Since Trump’s guilty verdict last Thursday, he has compared his legal troubles to the unfairness that Black communities disproportionately face in the justice system. Tim Scott, the only Black Republican in the Senate, amplified this on CNN on Friday. “The reason we’re seeing so many African Americans come into the Trump campaign — two big things: jobs and justice,” he said. “As an African American born and raised in the Deep South who had concerns about our justice system as it relates to race, I’m now seeing it play out from a partisan perspective.”

Scott, who wants to be Trump’s vice president, has pledged $15 million of PAC money to Black voter outreach, arguing that Black men, in particular, could be key in securing Trump’s win. On Tuesday, Reps. Byron Donalds, of Florida, who is also rumored to be on Trump’s VP short list, and Wesley Hunt, of Texas, ventured into Philadelphia to make their pitch for Trump at an event billed as “Congress, Cognac, and Cigars.”

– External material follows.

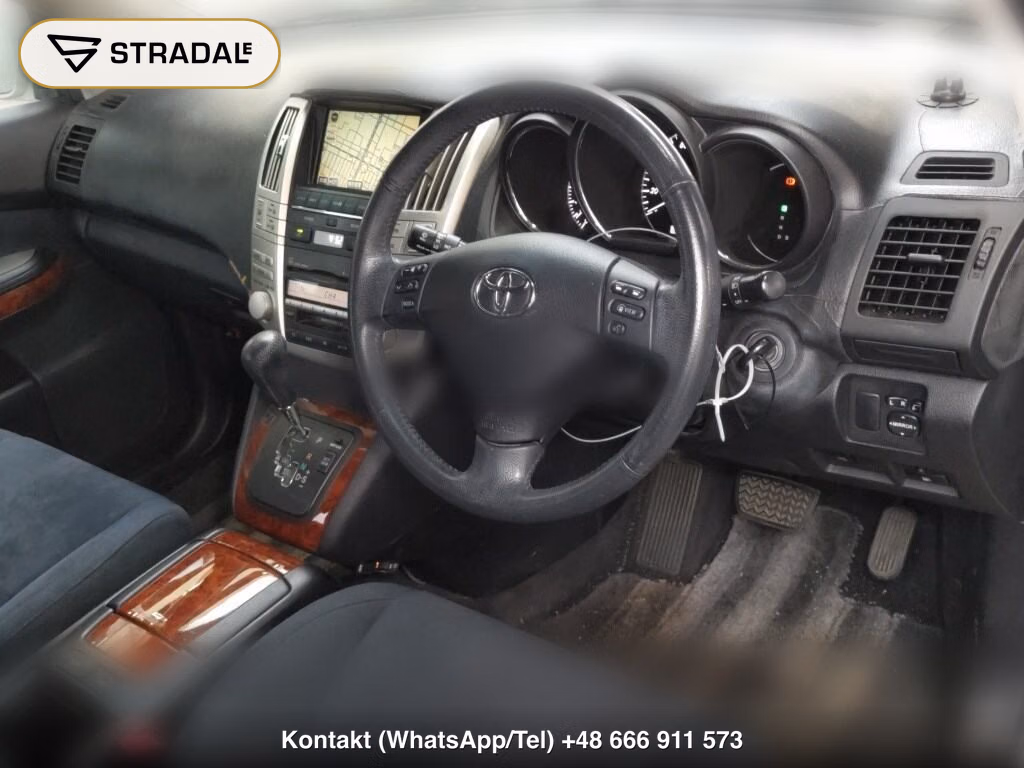 TOYOTA HARRIER 240G L PACKAGE PRIME SELECTION, miniaturka 4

“We were better off under Republicans than we were Democrats,” Hunt said. “The reason why the Democrats have a hold on the Black community is because our parents’ parents’ parents keep telling us, ‘You got to vote Democrat. It’s up to us in this generation to say, ‘well, why?’”

But according to Eurasia Group’s US analyst Noah Daponte-Smith, what may matter more than Trump’s marginal gains with Black voters is that Biden is hemorrhaging their support.

“Biden is currently running 22 points behind his 2020 performance among Black voters, says Deponte-Smith. “There does seem to be a consensus among analysts and political scientists that the Black vote has steadily moved away from Democrats as we have exited the Obama era.”

But Biden is fighting back. The president has ridiculed Trump’s strategy, saying last week that Trump is “pandering and peddling lies and stereotypes for your vote, so he can win for himself, not for you.”

He and Vice President Kamala Harris also traveled to Philadelphia last Wednesday to launch “Black Voters for Biden-Harris” to bolster outreach efforts and engage Black voters. The campaign is an acknowledgment that Biden knows he needs to fight if he wants to keep the 92% majority of Black voters that were integral to his win in 2020.